Speaking of meditation: this probably isn’t the first time you’ve been advised to seek more mindful moments, but the science doesn’t lie.

According to a study conducted by Harvard scientists, meditation can help you get the restful sleep you need.

The study’s participants included 49 middle-aged and older adults who reported a history of difficulty sleeping.

Meditation for muscle recovery

One half of the group participated in a meditation program designed to help them focus on “moment-by-moment experiences, thoughts, and emotions.”

The rest of the group took a sleep education seminar that taught them better sleep habits.

At the end of the study, those who participated in the meditation program experienced less insomnia, fatigue, and depression than those in the sleep education program.

According to Dr.
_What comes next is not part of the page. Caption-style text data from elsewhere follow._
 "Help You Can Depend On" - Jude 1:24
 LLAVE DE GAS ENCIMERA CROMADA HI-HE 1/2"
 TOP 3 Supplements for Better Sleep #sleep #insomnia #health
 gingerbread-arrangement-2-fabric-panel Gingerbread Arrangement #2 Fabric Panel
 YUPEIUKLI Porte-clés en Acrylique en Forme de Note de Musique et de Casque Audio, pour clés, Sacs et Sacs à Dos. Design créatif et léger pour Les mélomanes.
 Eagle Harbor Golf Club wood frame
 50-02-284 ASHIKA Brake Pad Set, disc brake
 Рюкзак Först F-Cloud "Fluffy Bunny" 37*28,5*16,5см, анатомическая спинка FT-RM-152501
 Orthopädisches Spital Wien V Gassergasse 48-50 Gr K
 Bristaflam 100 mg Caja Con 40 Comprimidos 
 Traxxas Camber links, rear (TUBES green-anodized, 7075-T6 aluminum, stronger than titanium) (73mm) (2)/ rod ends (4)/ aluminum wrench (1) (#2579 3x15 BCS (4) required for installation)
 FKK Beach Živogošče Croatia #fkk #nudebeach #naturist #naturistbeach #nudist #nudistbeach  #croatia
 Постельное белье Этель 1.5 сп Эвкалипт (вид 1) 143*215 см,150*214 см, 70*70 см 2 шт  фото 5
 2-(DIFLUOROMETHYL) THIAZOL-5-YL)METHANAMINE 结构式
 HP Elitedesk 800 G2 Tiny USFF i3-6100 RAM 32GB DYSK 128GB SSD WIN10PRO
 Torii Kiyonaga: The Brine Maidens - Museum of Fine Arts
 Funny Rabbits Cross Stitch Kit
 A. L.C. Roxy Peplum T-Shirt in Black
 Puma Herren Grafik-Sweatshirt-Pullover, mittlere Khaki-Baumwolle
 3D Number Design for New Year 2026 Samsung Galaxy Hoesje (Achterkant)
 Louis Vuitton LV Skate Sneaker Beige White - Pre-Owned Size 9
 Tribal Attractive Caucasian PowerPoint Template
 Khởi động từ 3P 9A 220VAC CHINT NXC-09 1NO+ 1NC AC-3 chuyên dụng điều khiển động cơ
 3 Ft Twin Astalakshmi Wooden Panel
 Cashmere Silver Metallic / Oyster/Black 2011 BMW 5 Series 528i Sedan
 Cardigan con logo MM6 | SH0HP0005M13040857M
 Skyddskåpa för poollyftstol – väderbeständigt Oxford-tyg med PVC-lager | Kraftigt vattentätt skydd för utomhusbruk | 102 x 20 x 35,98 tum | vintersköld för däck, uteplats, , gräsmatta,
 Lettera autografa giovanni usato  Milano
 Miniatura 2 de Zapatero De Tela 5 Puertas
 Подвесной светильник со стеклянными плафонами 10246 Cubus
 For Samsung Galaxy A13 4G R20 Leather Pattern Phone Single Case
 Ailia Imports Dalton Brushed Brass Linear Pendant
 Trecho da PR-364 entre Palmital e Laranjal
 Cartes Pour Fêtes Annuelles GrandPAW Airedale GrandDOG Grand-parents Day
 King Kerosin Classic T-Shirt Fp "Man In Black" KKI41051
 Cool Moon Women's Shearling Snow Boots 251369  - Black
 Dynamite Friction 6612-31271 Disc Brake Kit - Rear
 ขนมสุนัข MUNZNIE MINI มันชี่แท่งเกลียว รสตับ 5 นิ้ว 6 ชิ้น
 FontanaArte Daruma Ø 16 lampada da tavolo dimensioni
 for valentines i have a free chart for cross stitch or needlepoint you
Herbert Benson, director emeritus of the Benson-Henry Institute for Mind-Body Medicine, “Mindfulness meditation is just one of a smorgasbord of techniques that evoke the relaxation response,” which is a term he coined in the 70s to define the body’s physiological change that’s opposite of the stress response.

According to Benson, sleep disorders are highly correlated to stress, and the relaxation response can ease depression, pain, and high blood pressure.

As for a meditation routine, he recommends practicing 20 minutes a day. If you need a little help, we love the Buddhify meditation app, and many other meditation apps are being made every day.